Visual question answering (VQA) with knowledge is a task that requires knowledge to answer questions on images/video. This additional requirement of knowledge poses an interesting challenge on top of the classic VQA tasks. Specifically, a system needs to explore external knowledge sources to answer the questions correctly, as well as understanding the visual content.
Representation of videos has been a major research topic for various deep learning applications including visual question answering. This is a challenging problem especially for tasks that involves vision and language and some researchers pointed out that deep neural network-based models mainly use natural language text but not the vision.

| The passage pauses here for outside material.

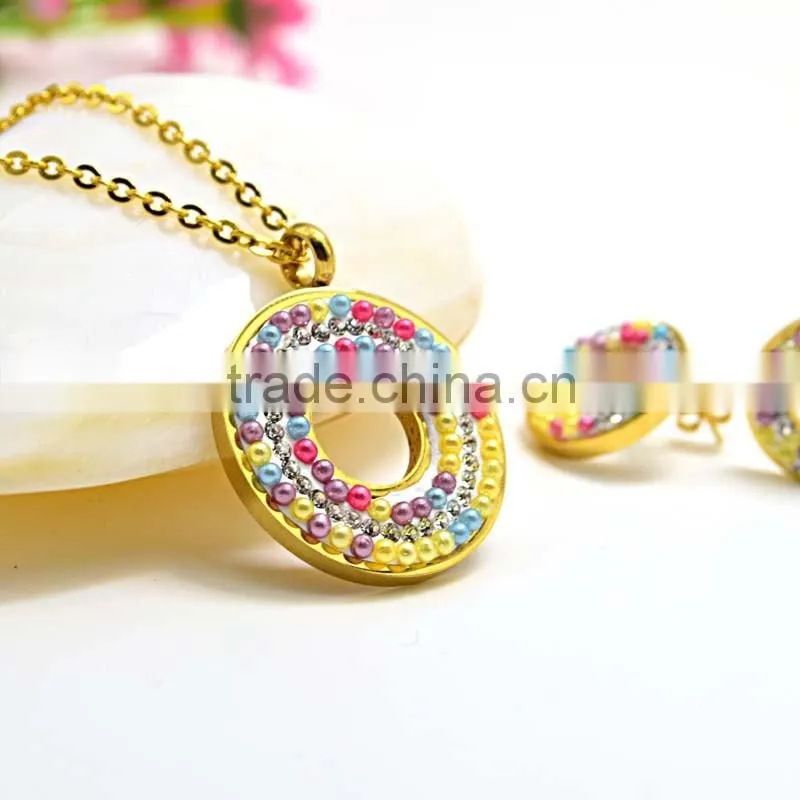 Jewelry Trends 2016 Wedding Favors Gifts Colorful Bead Fashion Heavy Jewelry Set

We propose to use textual representation of videos, in which SOTA models for detection/recognition are used for generating text together with some rules. The results are presented at ECCV 2020.

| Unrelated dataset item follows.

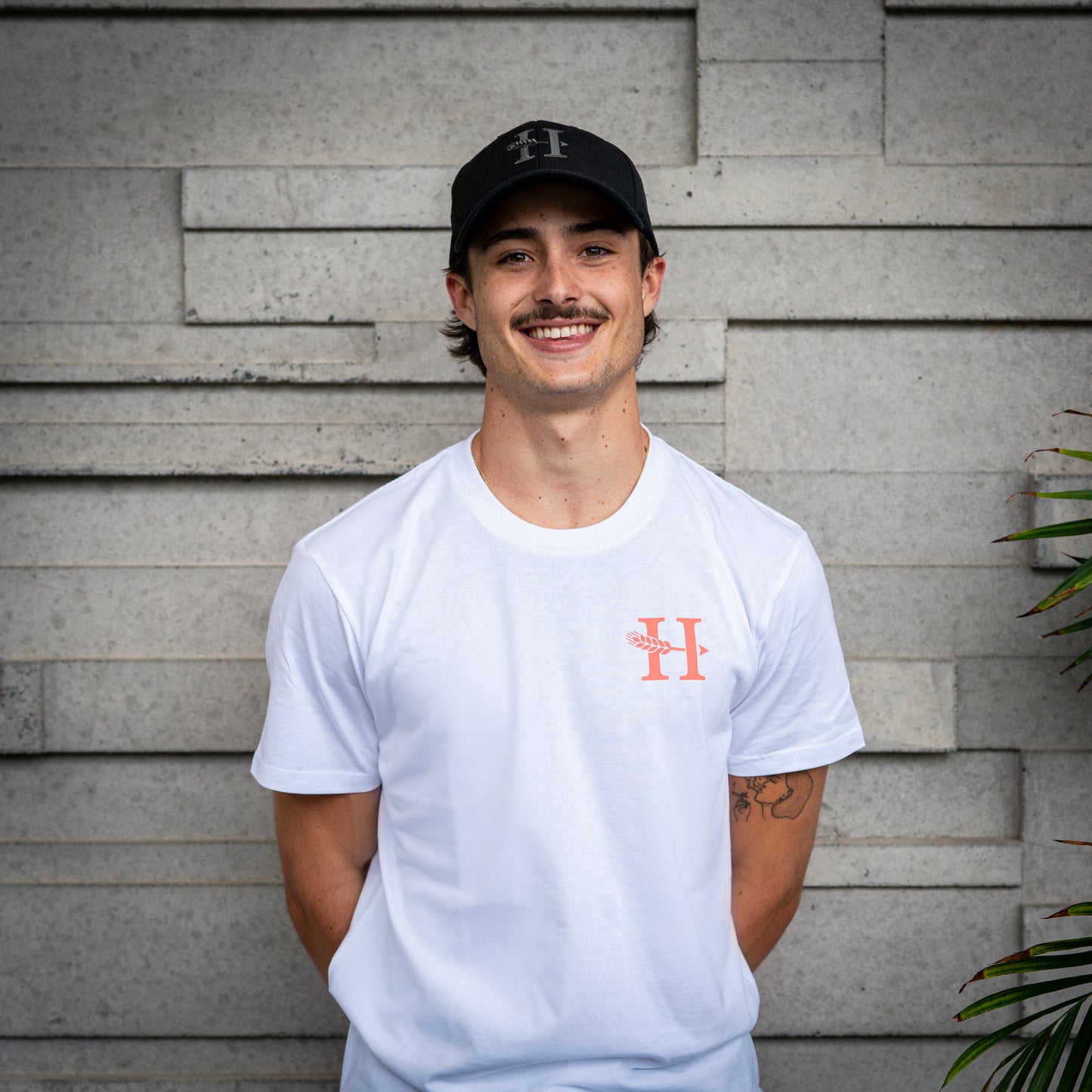 OG Logo Tee | White - Coral/Grey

We also work on question answering on art, which requires high-level understanding of paintings themselves as well as associated knowledge on them.

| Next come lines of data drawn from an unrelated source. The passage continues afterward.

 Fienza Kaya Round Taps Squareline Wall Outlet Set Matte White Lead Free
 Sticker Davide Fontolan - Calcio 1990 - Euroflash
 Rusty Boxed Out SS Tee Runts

- Noa Garcia, Chentao Ye, Zihua Liu, Qingtao Hu, Mayu Otani, Chenhui Chu, Yuta Nakashima, and Teruko Mitamura (2020). A Dataset and Baselines for Visual Question Answering on Art. Proc. European Computer Vision Conference Workshops.
- Noa Garcia and Yuta Nakashima (2020). Knowledge-Based VideoQA with Unsupervised Scene Descriptions. Proc. European Conference on Computer Vision.
- Noa Garcia, Mayu Otani, Chenhui Chu, and Yuta Nakashima (2020). KnowIT VQA: Answering knowledge-based questions about videos. Proc. AAAI Conference on Artificial Intelligence.
- Zekun Yang, Noa Garcia, Chenhui Chu, Mayu Otani, Yuta Nakashima, and Haruo Takemura (2020). BERT representations for video question answering. Proc. IEEE Winter Conference on Applications of Computer Vision.
- Noa Garcia, Chenhui Chu, Mayu Otani, and Yuta Nakashima (2019). Video meets knowledge in visual question answering. MIRU.
- Zekun Yang, Noa Garcia, Chenhui Chu, Mayu Otani, Yuta Nakashima, and Haruo Takemura (2019). Video question answering with BERT. MIRU.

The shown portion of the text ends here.